Starting with the removal of the statue of Edward Colston in Bristol, a new focus on cleaning up our past has emerged in response to the death of George Floyd, which has been linked to the murky colonial history of Britain. Of course, things didn’t end with Colston: the focus soon moved to any statue or symbol that was even tenuously linked to that past. Nor has the movement been confined to the removal of statues. Questions are now being asked about the way in which we view history, how we teach it and what the relics of the past mean to us. This desire to restart, or to cleanse, is understandable: however, when we curate the past we remove the context in which events occurred and this makes it more difficult to build a just future.
Claude Lanzmann’s 1985 film Shoah is nine hours long. Lanzmann intended the film to be consumed in one sitting: the length itself—the sheer grinding relentlessness of it—and the corporeal discomfort it causes the spectator is a component of the film’s message. To see the film is to be changed.

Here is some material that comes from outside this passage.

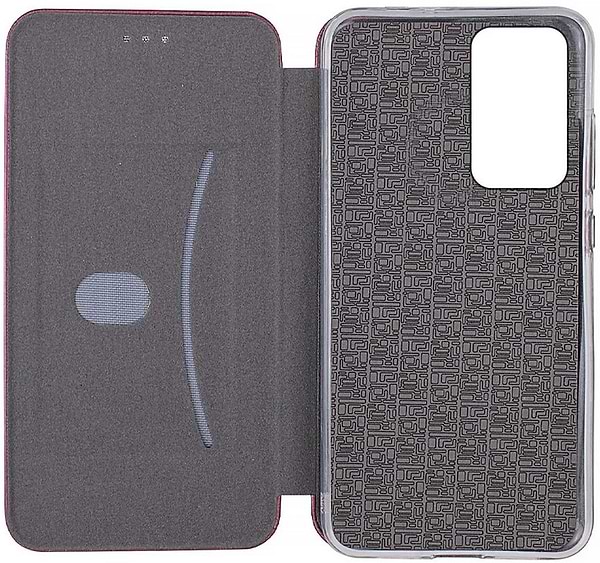 Фото - Чехол для смартфона BeCover Exclusive for Samsung Galaxy A17 5G SM-A17 Red Wine (713890)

The documentary film traditionally narrates events in the past tense, utilising archive footage and present day interviews to eventually lead to a conclusion about what happened. In Shoah, by contrast, Lanzmann links the past to the present, so that it cannot be archived and forgotten. He comments: “The worst moral and artistic crime that can be committed in producing a work dedicated to the Holocaust is to consider the Holocaust as past.” The film speaks in the present perfect continuous tense—the form has been doing, etc.—which implies an action that began in the past, but continues into the present. As Lanzmann writes, “One does not kill legends by opposing them with memories but by confronting them, if possible, in the inconceivable ‘present’ in which they originated. The only way to do this is to resuscitate the past and make it present.”
Lanzmann is interested in the physical events that occurred in the camps. He interviews both victims and perpetrators to establish a clear picture of events in the past, which, by being spoken of in the present, become, in essence, timeless. He elicits facts—sometimes forcefully—from his interviewees and often asks for specifics. He searches for structural anchors for his truth: charts, maps, block plans and models. He wishes to know where things happened, when things happened and worries far less about why they happened, since the first two questions often answer the third. Lanzmann is not there to understand or condemn, but to document and make concrete. He enshrines southern Poland’s concentration camps, especially Treblinka, within a cautionary work of art.
It is in the landscape of southern Poland that the most poetic, yet horrifying, scenes were shot. Amid this landscape, the relics of the death camps remain. When we see the past juxtaposed with the present, these relics take on an even more poignant meaning. By showing the foundations of the gas chambers in the soil and grass of 1980s Poland, Lanzmann reincarnates the ghosts of the past. When he presents the horrifying Franz Suchomel, second in command at the Treblinka camp, the director reminds us that this can happen again—for Suchomel is here, now, alive, in front of the camera, his hand touching the modern furniture in his modern flat. Shoah relies on the palimpsest of southern Poland. It reveals the traces of horror, a horror augmented by its existence in the present.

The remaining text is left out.